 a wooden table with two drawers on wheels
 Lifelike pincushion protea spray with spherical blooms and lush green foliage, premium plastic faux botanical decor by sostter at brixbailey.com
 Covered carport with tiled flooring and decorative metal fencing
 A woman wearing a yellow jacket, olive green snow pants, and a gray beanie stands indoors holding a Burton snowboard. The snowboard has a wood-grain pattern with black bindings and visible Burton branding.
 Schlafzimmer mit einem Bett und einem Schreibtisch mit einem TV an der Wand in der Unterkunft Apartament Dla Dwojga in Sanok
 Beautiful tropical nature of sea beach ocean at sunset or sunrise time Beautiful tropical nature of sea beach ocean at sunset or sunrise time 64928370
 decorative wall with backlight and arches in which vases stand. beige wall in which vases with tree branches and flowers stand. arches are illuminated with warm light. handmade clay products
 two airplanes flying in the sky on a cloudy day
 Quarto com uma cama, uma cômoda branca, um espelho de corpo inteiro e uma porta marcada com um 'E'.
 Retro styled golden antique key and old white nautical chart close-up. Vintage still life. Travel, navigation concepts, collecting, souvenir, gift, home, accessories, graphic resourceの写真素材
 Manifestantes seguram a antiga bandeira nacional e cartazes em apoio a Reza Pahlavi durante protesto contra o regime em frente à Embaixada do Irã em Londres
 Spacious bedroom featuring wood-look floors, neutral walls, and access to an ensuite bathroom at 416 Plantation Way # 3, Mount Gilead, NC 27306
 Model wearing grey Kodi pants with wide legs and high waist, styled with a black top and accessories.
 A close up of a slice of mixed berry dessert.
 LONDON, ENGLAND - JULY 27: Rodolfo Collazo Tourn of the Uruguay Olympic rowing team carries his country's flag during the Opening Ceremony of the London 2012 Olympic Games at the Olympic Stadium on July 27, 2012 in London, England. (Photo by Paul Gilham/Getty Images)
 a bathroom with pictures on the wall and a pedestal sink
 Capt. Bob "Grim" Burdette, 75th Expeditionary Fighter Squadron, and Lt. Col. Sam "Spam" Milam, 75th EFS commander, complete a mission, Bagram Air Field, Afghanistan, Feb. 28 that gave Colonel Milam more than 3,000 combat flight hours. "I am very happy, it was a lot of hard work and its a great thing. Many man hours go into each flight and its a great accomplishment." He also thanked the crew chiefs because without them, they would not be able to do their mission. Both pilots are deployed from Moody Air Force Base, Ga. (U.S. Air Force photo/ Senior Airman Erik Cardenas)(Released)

============

Exercise
Copy the stretch of the records above that runs from the line with "Model wearing grey" through the line with "A close up of". Both end lines belong in the copy, and nothing else does.

Answer below
 Model wearing grey Kodi pants with wide legs and high waist, styled with a black top and accessories.
 A close up of a slice of mixed berry dessert.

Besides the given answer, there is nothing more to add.